TASK OBJECTIVE:
Among the entries below, find the line with "5081 Vines Road", then quote it and each following line up to and including the line with "Manningtree House |", and nothing else.

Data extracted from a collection
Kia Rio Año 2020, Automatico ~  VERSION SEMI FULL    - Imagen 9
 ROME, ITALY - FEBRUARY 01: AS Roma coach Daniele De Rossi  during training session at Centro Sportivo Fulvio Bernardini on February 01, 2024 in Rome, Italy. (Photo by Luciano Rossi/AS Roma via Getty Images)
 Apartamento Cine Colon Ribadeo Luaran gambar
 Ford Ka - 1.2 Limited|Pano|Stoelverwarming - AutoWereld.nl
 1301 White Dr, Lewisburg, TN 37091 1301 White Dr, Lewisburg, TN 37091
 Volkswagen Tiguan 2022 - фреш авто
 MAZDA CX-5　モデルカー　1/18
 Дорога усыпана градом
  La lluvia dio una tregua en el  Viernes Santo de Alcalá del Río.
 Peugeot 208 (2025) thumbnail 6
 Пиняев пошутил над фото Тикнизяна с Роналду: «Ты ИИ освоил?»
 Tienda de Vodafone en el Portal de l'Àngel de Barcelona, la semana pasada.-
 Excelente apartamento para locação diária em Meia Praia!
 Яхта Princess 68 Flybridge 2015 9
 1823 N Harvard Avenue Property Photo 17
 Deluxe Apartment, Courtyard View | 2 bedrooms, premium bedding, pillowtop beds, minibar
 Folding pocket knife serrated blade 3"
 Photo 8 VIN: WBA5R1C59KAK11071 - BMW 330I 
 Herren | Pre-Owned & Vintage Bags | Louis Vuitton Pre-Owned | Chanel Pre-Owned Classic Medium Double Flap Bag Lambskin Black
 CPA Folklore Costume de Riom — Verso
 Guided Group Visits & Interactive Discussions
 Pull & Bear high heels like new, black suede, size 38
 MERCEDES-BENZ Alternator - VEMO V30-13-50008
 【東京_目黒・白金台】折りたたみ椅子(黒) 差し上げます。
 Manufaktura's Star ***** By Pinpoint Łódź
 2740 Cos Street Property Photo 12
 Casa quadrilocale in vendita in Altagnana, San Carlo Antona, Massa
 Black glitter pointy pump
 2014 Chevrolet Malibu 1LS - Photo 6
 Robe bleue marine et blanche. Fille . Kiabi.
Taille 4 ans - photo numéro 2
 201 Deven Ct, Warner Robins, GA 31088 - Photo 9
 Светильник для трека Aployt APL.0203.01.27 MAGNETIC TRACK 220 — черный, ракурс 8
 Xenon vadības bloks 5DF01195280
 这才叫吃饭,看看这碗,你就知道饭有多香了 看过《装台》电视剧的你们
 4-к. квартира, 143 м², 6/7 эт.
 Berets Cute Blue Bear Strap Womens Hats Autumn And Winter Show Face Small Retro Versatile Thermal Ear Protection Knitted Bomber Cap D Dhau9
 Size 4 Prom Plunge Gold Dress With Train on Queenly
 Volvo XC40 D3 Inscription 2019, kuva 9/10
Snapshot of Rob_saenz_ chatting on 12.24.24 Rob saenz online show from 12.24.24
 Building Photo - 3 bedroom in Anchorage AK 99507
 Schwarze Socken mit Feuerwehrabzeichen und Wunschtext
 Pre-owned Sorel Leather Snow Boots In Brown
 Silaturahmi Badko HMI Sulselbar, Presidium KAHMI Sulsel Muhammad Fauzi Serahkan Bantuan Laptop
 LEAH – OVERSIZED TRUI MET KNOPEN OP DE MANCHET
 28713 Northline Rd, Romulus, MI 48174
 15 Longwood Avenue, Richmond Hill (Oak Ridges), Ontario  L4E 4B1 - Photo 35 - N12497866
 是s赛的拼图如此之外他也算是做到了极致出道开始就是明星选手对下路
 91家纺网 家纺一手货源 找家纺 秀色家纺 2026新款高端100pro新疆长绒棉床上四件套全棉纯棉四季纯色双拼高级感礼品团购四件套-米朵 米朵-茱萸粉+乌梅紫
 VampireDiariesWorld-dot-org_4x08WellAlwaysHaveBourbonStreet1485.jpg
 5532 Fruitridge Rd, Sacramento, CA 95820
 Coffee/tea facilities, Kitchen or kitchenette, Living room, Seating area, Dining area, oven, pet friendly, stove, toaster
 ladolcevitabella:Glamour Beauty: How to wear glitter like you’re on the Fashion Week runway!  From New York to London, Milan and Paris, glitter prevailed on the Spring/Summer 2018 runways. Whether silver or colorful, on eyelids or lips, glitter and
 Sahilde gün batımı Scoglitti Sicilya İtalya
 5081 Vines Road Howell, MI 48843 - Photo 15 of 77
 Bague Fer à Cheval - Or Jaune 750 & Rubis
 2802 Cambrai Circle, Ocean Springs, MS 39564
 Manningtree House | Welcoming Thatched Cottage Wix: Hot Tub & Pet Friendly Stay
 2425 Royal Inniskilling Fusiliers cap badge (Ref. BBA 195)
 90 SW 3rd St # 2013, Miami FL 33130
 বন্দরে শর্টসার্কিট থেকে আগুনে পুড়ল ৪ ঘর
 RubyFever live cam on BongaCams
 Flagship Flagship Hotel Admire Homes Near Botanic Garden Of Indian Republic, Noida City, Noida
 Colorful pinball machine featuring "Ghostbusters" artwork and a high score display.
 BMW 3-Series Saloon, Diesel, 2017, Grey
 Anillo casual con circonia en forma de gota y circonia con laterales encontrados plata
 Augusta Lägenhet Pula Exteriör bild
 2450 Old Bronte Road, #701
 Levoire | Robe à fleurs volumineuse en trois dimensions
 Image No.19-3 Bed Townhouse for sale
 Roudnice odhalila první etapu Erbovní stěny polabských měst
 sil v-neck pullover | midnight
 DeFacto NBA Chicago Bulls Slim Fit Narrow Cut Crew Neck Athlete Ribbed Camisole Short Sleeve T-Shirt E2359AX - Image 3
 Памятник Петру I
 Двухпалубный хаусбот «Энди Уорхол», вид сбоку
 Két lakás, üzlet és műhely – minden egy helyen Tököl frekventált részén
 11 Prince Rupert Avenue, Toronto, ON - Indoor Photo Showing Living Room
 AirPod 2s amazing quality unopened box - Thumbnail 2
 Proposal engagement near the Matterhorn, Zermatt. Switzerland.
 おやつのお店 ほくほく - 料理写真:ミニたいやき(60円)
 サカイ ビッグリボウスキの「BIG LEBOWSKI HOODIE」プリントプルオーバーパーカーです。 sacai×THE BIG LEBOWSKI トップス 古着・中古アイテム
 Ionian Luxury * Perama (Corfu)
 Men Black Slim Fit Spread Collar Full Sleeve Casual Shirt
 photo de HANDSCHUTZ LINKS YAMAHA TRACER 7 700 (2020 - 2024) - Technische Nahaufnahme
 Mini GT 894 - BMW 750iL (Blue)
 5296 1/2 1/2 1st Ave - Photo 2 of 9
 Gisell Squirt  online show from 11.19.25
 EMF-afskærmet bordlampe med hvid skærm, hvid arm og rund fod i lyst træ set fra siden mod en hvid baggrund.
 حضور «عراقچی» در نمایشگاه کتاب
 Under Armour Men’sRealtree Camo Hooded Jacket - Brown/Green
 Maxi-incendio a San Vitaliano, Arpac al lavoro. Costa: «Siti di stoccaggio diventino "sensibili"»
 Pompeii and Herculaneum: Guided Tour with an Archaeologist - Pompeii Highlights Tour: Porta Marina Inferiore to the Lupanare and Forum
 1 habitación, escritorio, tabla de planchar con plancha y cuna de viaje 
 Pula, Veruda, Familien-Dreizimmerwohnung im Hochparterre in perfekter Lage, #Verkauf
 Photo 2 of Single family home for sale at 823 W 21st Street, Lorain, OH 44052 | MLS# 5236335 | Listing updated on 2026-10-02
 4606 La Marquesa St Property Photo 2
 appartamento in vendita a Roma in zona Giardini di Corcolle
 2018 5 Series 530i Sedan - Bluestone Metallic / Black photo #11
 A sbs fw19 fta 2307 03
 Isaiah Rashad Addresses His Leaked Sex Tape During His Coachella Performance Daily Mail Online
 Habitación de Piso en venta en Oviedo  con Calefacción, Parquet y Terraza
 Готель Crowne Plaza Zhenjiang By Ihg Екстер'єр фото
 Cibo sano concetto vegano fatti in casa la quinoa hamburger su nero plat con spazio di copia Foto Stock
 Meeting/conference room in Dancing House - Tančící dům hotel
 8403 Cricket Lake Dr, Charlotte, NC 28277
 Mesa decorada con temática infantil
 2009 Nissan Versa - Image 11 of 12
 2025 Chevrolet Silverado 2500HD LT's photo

WRITTEN RESPONSE:
 5081 Vines Road Howell, MI 48843 - Photo 15 of 77
 Bague Fer à Cheval - Or Jaune 750 & Rubis
 2802 Cambrai Circle, Ocean Springs, MS 39564
 Manningtree House | Welcoming Thatched Cottage Wix: Hot Tub & Pet Friendly Stay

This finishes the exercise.